Beyond our broadest conclusions, we identify six new trends emerging in 2009, which build off those we have identified in past years.

  • The growing public debate over how to finance the news industry may well be focusing on the wrong remedies while other ideas go largely unexplored. Much of the discussion has centered on whether consumers would make micro-payments for online content and the possibility of nonprofits assuming ownership of the press. The micro-payment idea, however, was already tried and rejected by users early on and has run headlong into resistance from online advocates. Nonprofit financing, even with ad revenue, may make sense in targeted subject areas—health or investigative reporting, for instance—but it is unlikely that there is enough funding to become a general ownership model. The scale of the commercial media is too large and the potential losses too great. A host of other ideas, with more potential, are worth considering. While hardly a complete list, they include: 1. Adopt the cable model, in which a fee to news producers is built into monthly Internet access fees consumers already pay. News industry executives have not seriously tested this enough to know if it could work, but these fees provide half the revenue in cable. 2. Build major online retail malls within news sites. This could both create a local search network for small businesses and link them directly with consumers to complete transactions, not just offer advertising—with the news operation getting a point-of-purchase fee. 3. Develop subscription-based niche products for elite professional audiences. These are more than subject-specific micro-sites. They are deep, detailed, up-to-the-minute online resources aimed at professional interests, and they are a proven and highly profitable growth area in journalism. There are other ideas as well, including news companies collaborating to seriously challenge aggregators, especially Google, to start sharing more revenue. Several new revenue streams most likely are needed. The closest thing to a consensus right now is that no one source is a likely magic bullet.

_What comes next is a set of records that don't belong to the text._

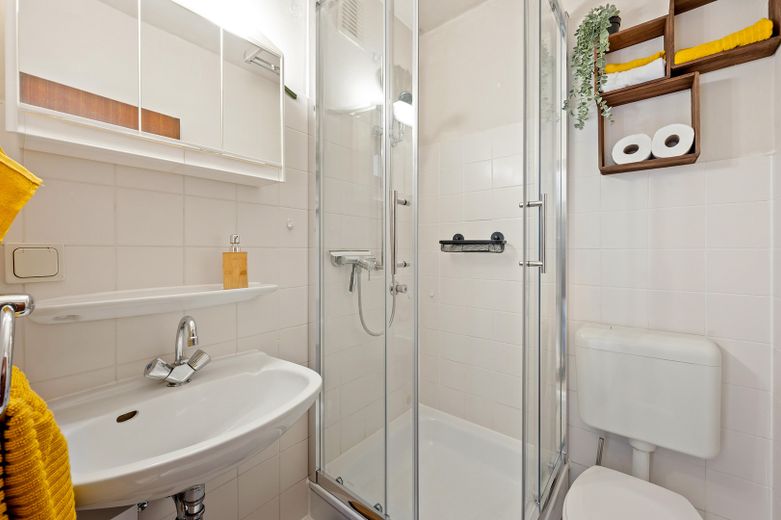 Modernes Bad mit Dusche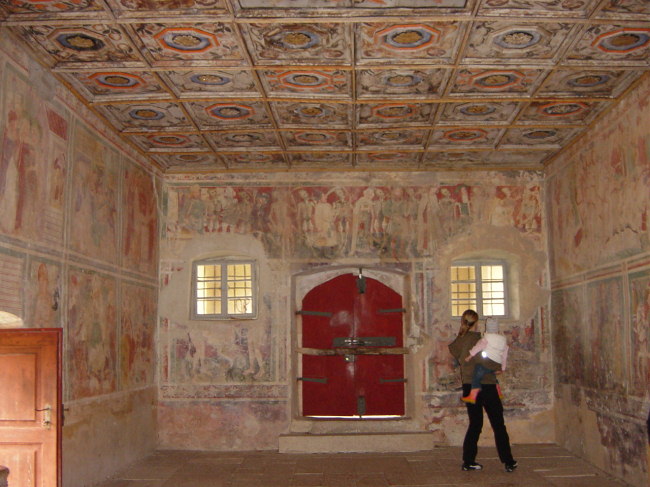 BERAM > Friedhofskapelle - St. Maria auf den Steintafeln > Fresken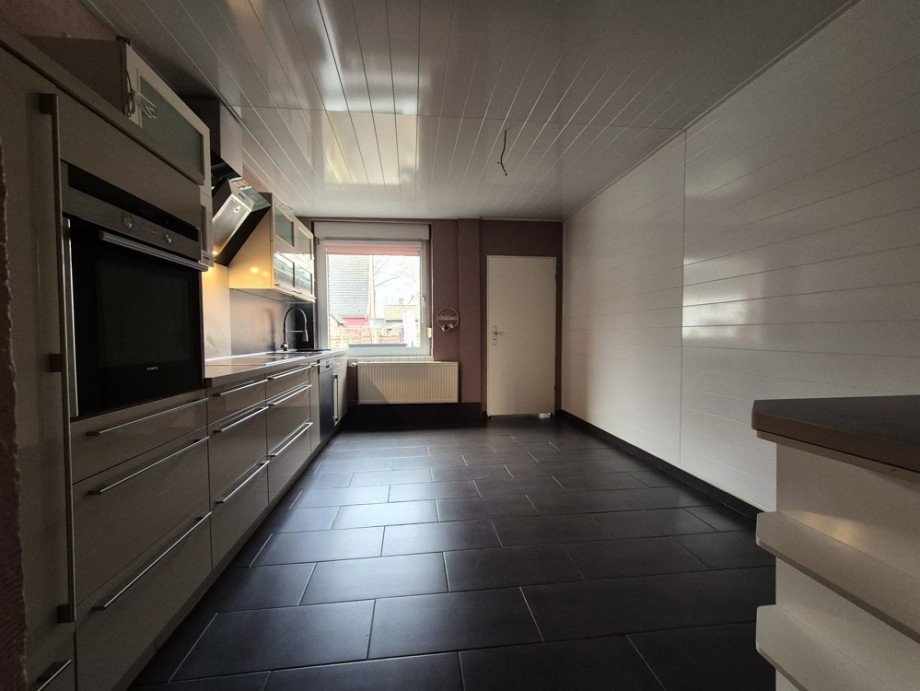 (7) Im weiteren Verlauf betreten Sie die ger�umige K�che Reihenmittelhaus Oberhausen / Sterkrade-Mitte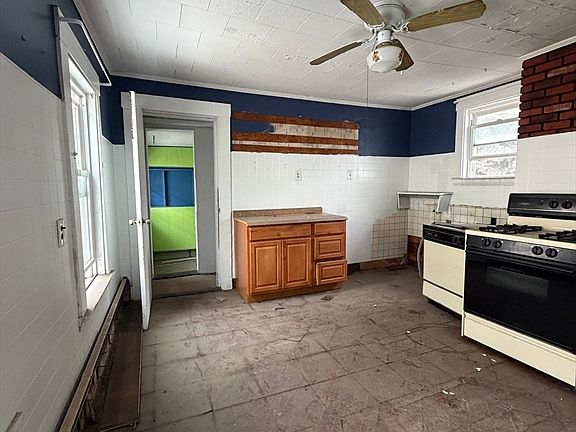 3rd image of 10 Glover Ct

  • Power is shifting to the individual journalist and away, by degrees, from journalistic institutions. The trend is still forming and its potential is uncertain but the signs are clear. Through search, e-mail, blogs, social media and more, consumers are gravitating to the work of individual writers and voices, and away somewhat from institutional brand. Journalists who have left legacy news organizations are attracting funding to create their own websites. Experiments like GlobalPost are testing whether individual journalists can become independent contractors offering reporting to various sites, in much the way photographers have operated for years at magazines. It would be a mistake to overstate the movement at this point. But for a few journalists at least, there are signs of a new prospect: individual journalists, funded by a mix of sources, offering expert coverage to many places. The movement offers the possibility of more skilled reporting from the field. Yet it would also require consumers to be discriminating and raises questions about how news organizations would ensure quality and reliability.

  • On the Web, news organizations are focusing somewhat less on bringing audiences in and more on pushing content out.  The shift reflects the news industry more fully recognizing the viral nature of the Web and the rise of social media. What began as a few podcasts, RSS feeds and e-mail alerts a year or two ago has mushroomed into a more serious emphasis on developing multiple forms of distribution. One form involves helping citizens grab and share information with one another. Another involves placing content on as many platforms as possible. Most news websites now have links attached to stories so readers can more easily share that content, and many have gone further, creating their own Twitter or Facebook accounts to put more content into consumers’ hands and allow them to pass it along. News Corp. and NBC Universal jointly purchased Hulu.com—a site where users can view streaming video free of cost—giving both companies another outlet for their products. The economics of all this is unresolved and home websites still matter. The industry is also late in arriving. But the movement represents a dawning realization that the nature of the Web is something the news industry cannot fight and might even begin to employ.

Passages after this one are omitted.